TASK REQUIREMENTS - Print exactly and only the lines that run from the one containing "While we're waiting" through the end of the material, please, omitting pictures.

WORKING DATA -
━━━

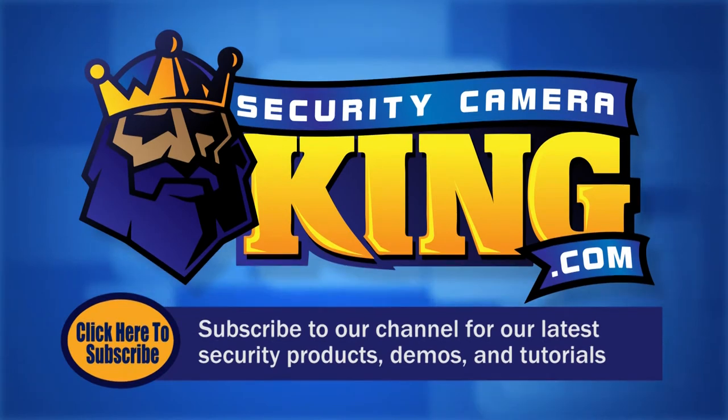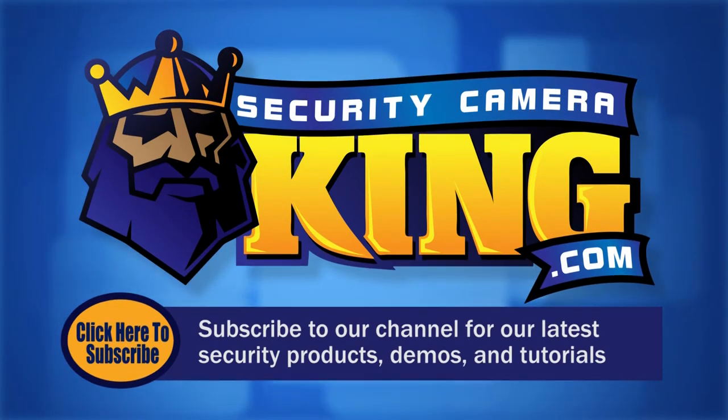Thank you for watching! Be sure to subscribe to our channel for all of our latest security products, demos, and tutorials.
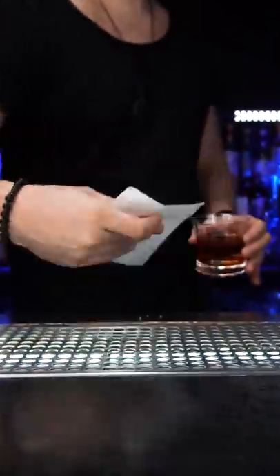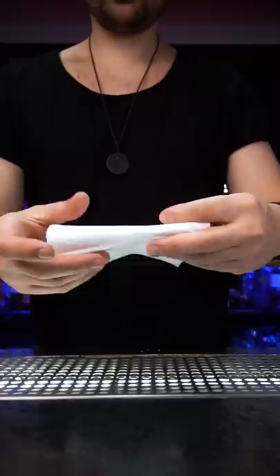If you ever decide to learn only one bar trick, it should be this one. A standard size bar napkin works the best, but if you don't have it and need something to practice, just use a paper towel — fold it in half and it's ready to go.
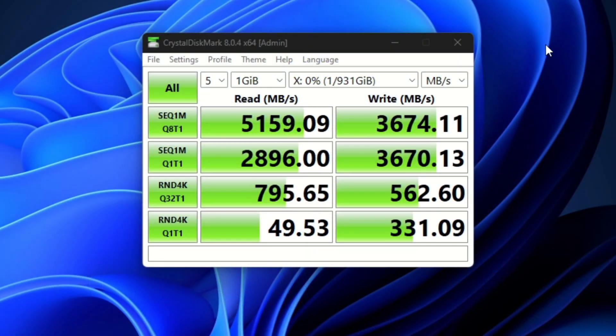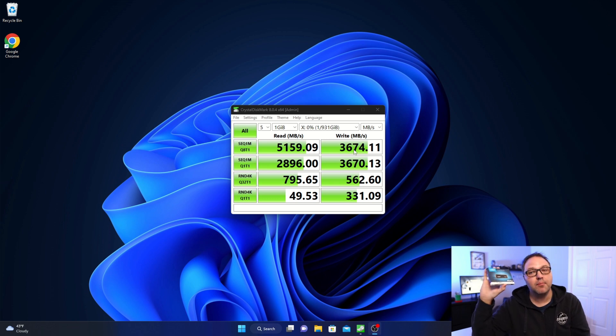The Crystal Disk Mark speed test is done. I'm not going to go over all these numbers — I'll go over the main ones; you can pause here if you want to take a closer look. The main read speed I got was 5,159.09 megabytes per second, which is actually higher than the 5,000 megabytes per second stated on the box. Really happy with that read speed. And on the write side, I got 3,674.11 megabytes per second, which is extremely fast for writing.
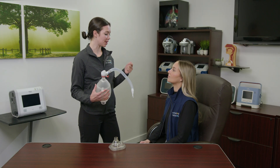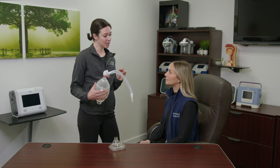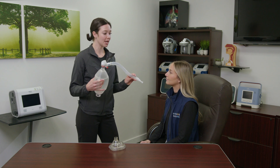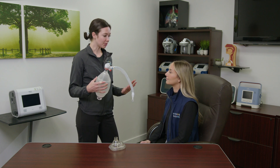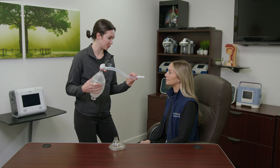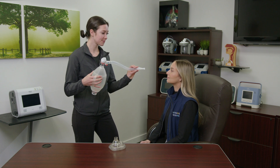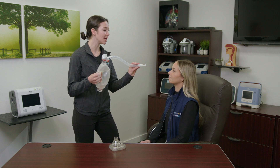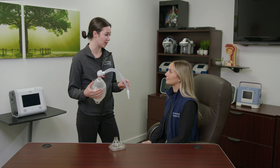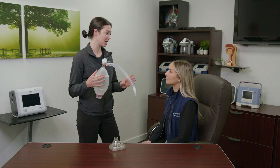We're going to stack three breaths in a row. Put the nose clips on and make a nice tight seal around the mouthpiece. I'll count you in — on three, breathe in and hold your breath between each breath. It will sound like: one, two, three — one, two, three — one, two, three. Then hold your breath for about 10 seconds, or as long as you can, and then exhale. Don't breathe out in between.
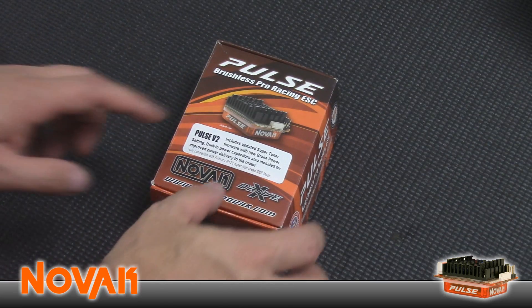Hey everybody, Jason here. Welcome back. Today I'm going to do a review on the new Novak Pulse version 2 speed control. Let me show you what's in the box.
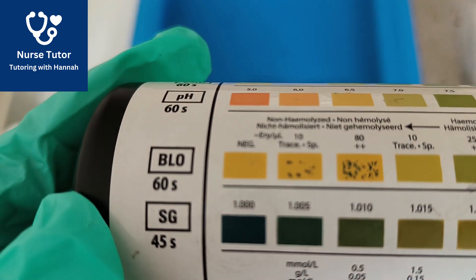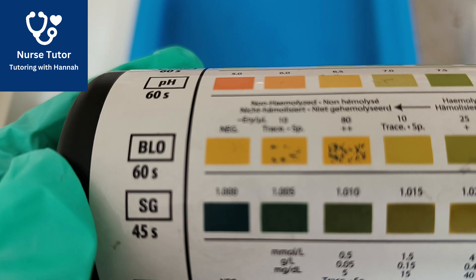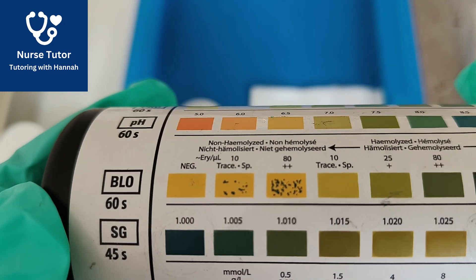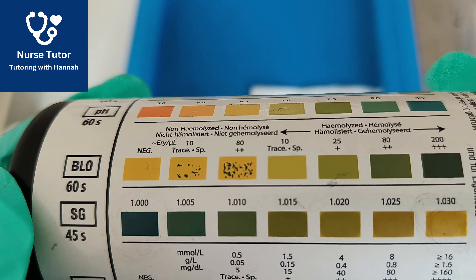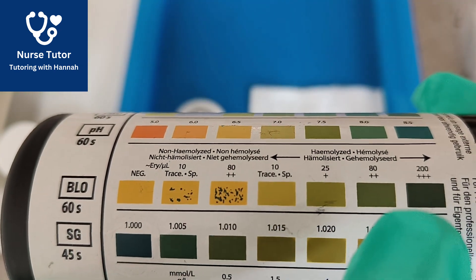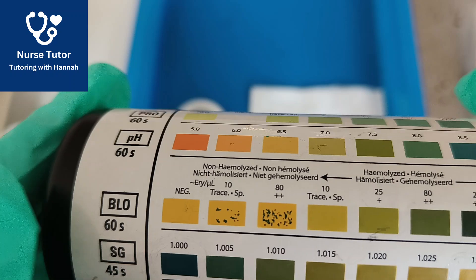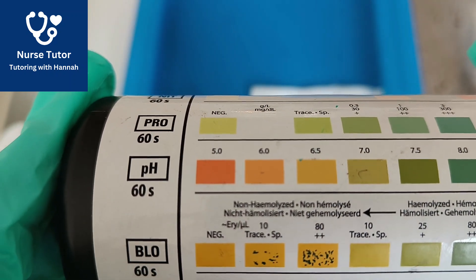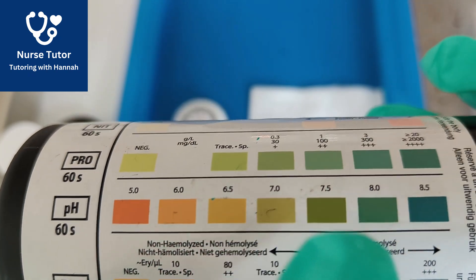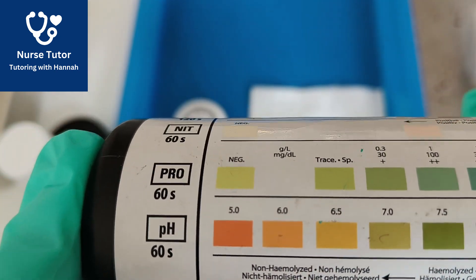Now we're on to our 60-second readings — there are four readings we can take at 60 seconds, so we read those one after the other. Blood is read at 60 seconds; it should be negative and yellow if there's no blood, going up to dark green the more blood is present. Straight after that we can read the pH at 60 seconds, and we match the colour to get the pH value of the urine.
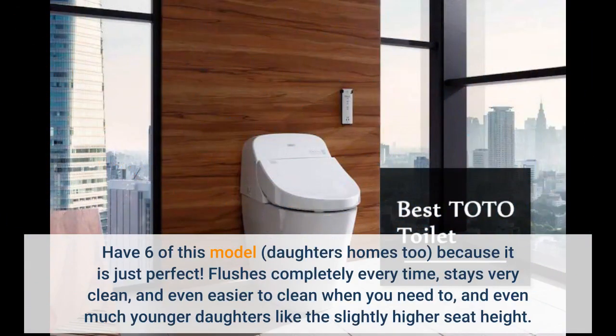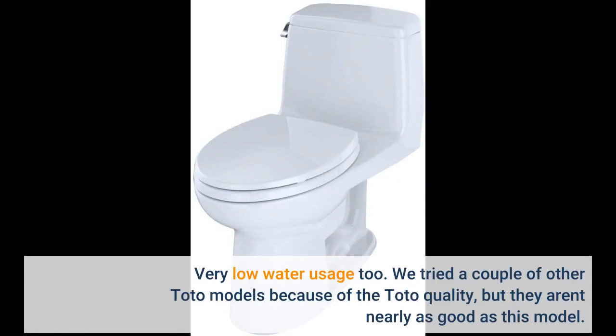Have six of this model — in my daughter's homes too — because it is just perfect. Flushes completely every time, stays very clean, and even easier to clean when you need to. Even my younger daughters like the slightly higher seat height. Very low water usage too.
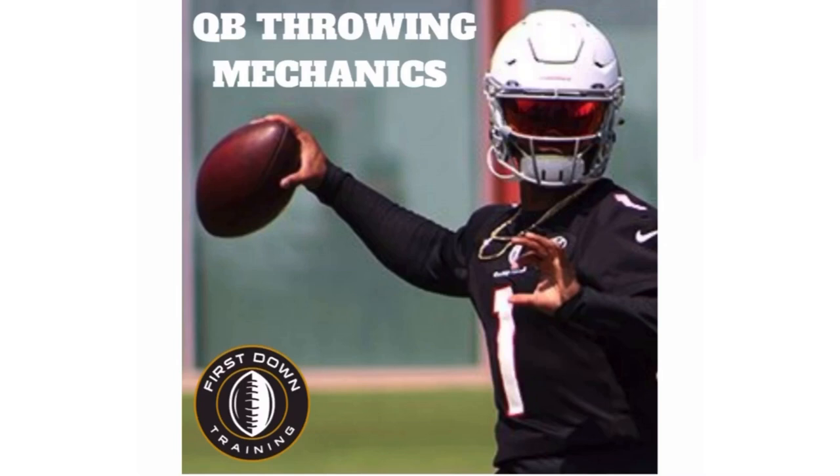Alright guys, I really want to thank you for watching. If you guys have any questions at all, leave those in the comments and I'll get back to you as soon as possible. If you want a QB throwing mechanics manual — 40 minutes of QB drills, techniques, and film breakdown tied into all the drills we talk about — check out that very first link in the description. Hope to get you guys on that soon. I'll see you guys next time.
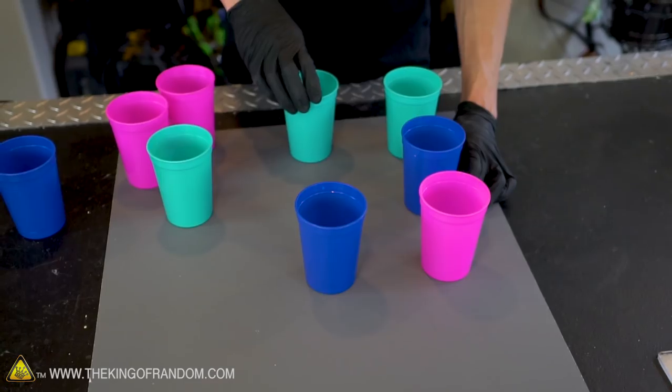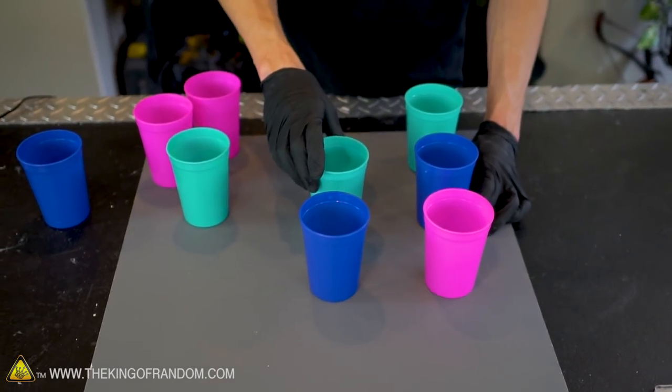While we're waiting for the glue to cool, let's make a target for these launchers. I've got a piece of gray foam core and nine plastic cups — we'll make a grid by tracing circles, cutting holes into the foam core, and sinking the cups down into it to create a target grid where we can assign different points to different cups.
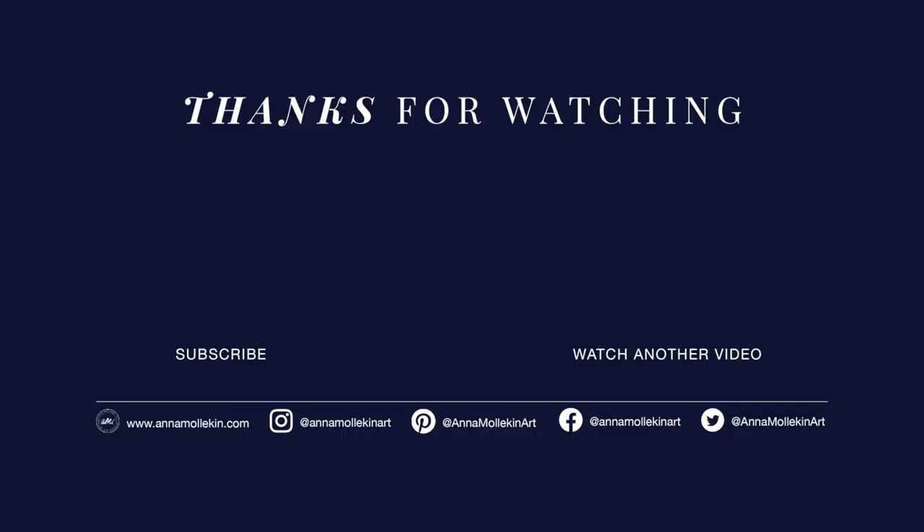If you like this video please give it a big thumbs up, and if you'd like to see more videos like this please subscribe to my channel and turn on that notification bell so you don't miss an upload. Thanks for watching! See you next time!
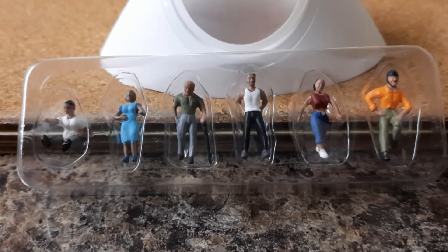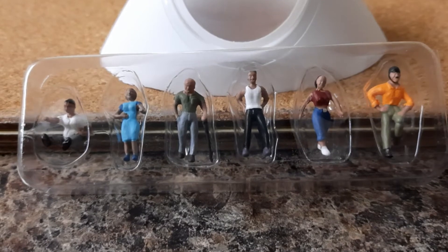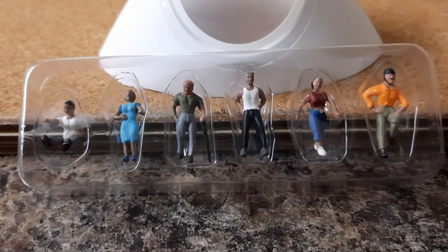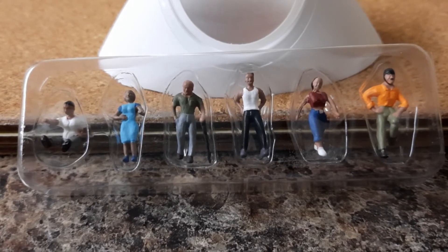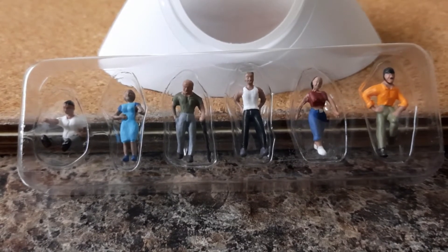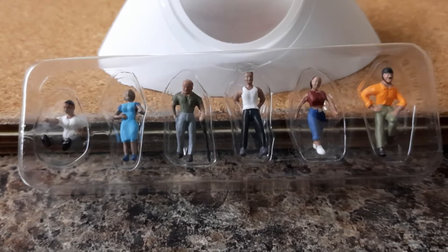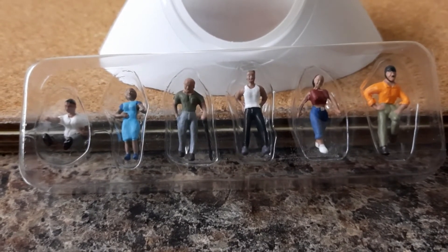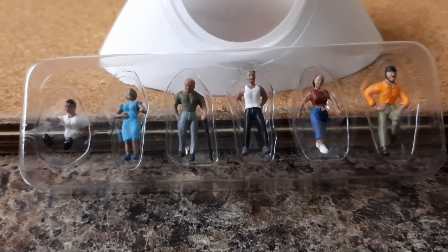Hi and welcome back to my channel. This is the latest look at the figures that I got with pack A2053, and this pack is A1824. It's just ordinary people — there are six items in this pack.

━━━

RESULT BELOW -
While we're waiting for the glue to cool, let's make a target for these launchers. I've got a piece of gray foam core and nine plastic cups — we'll make a grid by tracing circles, cutting holes into the foam core, and sinking the cups down into it to create a target grid where we can assign different points to different cups.
If you like this video please give it a big thumbs up, and if you'd like to see more videos like this please subscribe to my channel and turn on that notification bell so you don't miss an upload. Thanks for watching! See you next time!
Hi and welcome back to my channel. This is the latest look at the figures that I got with pack A2053, and this pack is A1824. It's just ordinary people — there are six items in this pack.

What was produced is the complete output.